# YOUR TASK
Transcribe the listing exactly, leaving out every picture.

# DATA SHOWN
···
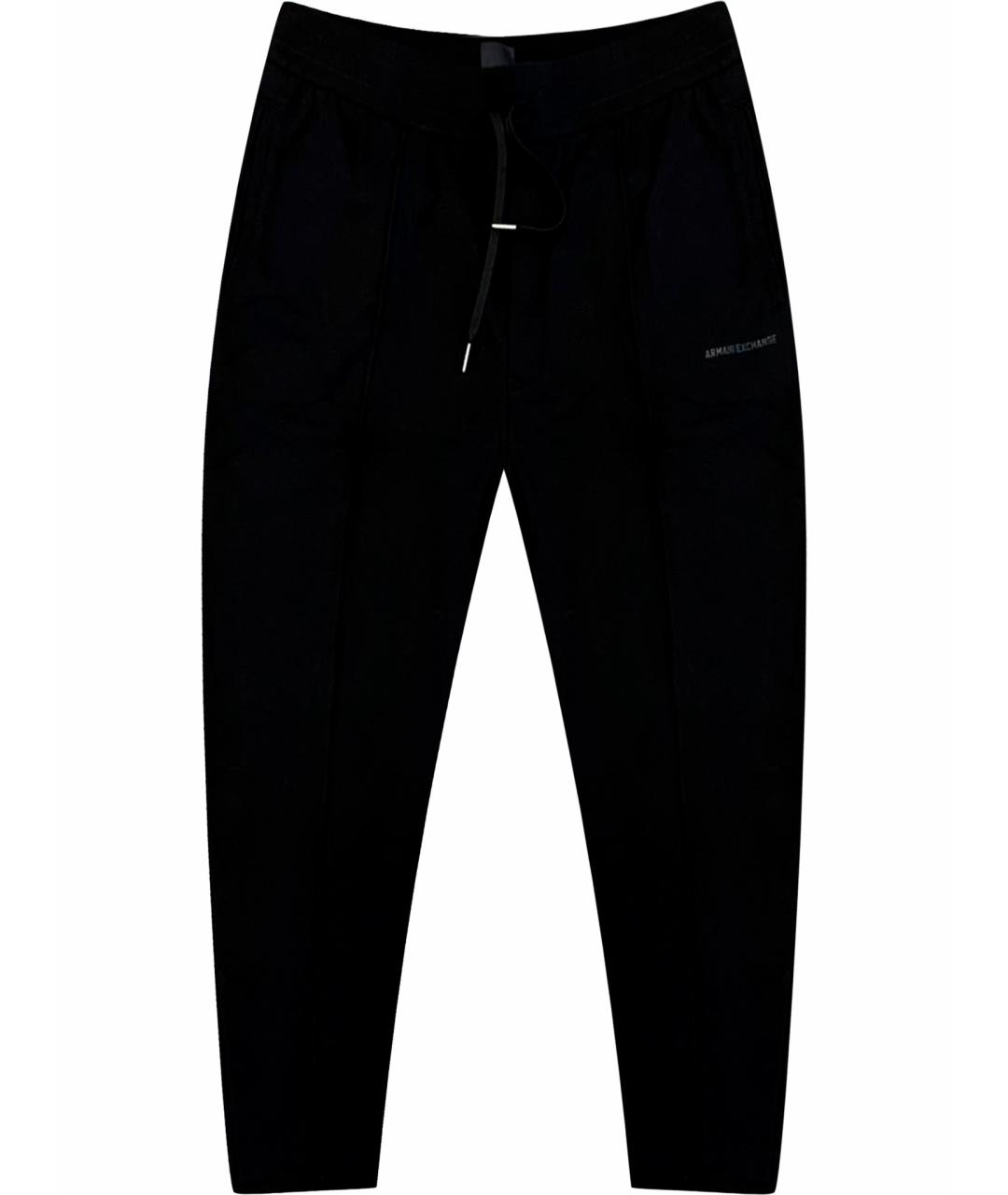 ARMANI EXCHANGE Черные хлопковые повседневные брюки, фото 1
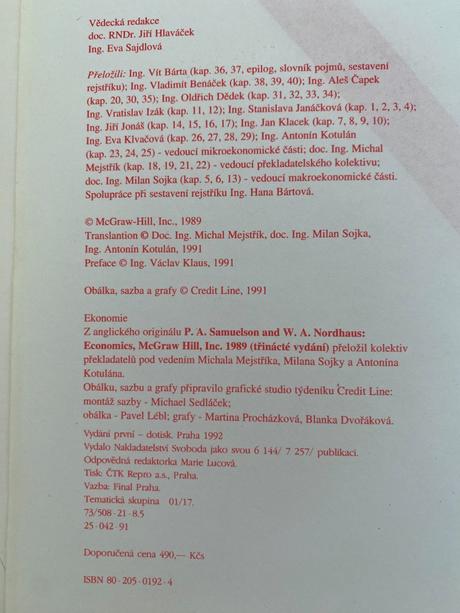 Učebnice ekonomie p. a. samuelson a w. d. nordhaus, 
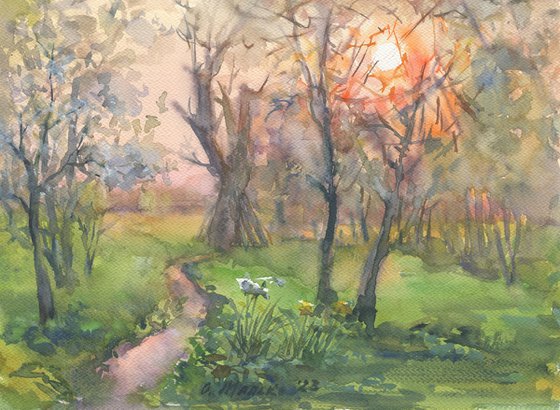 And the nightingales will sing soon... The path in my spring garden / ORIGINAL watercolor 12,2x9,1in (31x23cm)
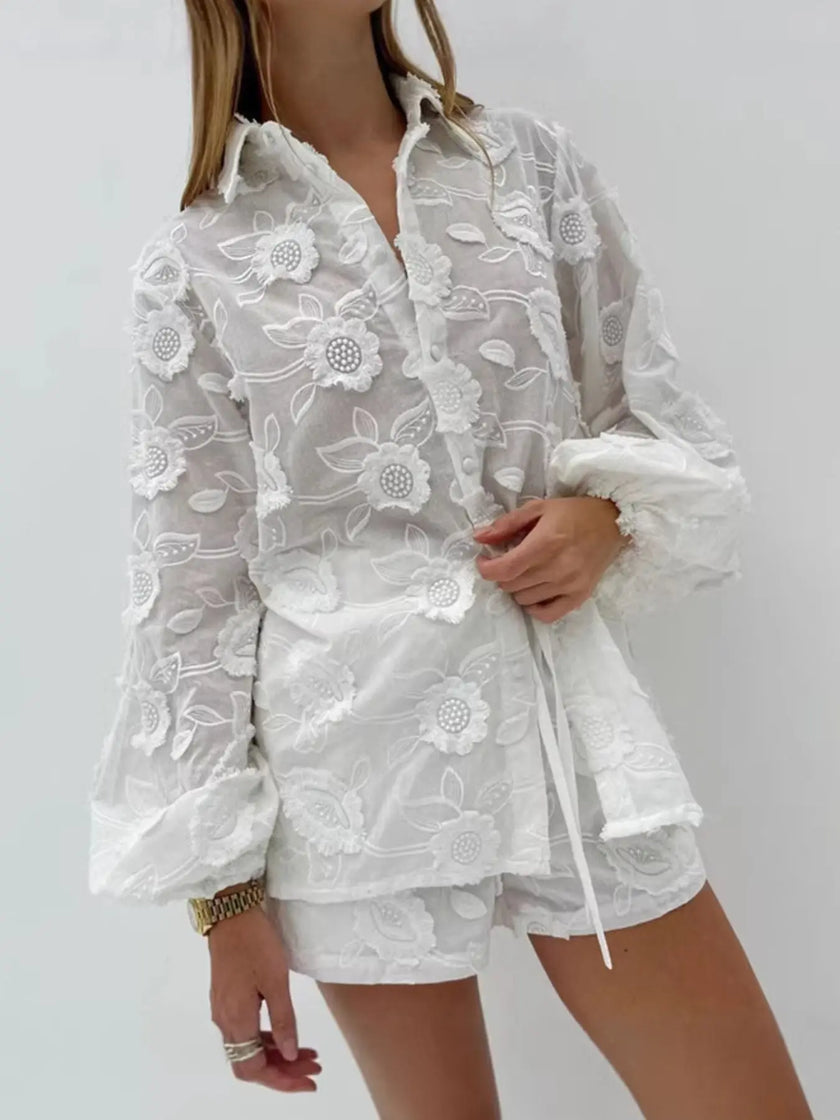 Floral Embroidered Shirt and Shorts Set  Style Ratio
···
# WRITTEN ANSWER
 ARMANI EXCHANGE Черные хлопковые повседневные брюки, фото 1
 Učebnice ekonomie p. a. samuelson a w. d. nordhaus, 
 And the nightingales will sing soon... The path in my spring garden / ORIGINAL watercolor 12,2x9,1in (31x23cm)
 Floral Embroidered Shirt and Shorts Set  Style Ratio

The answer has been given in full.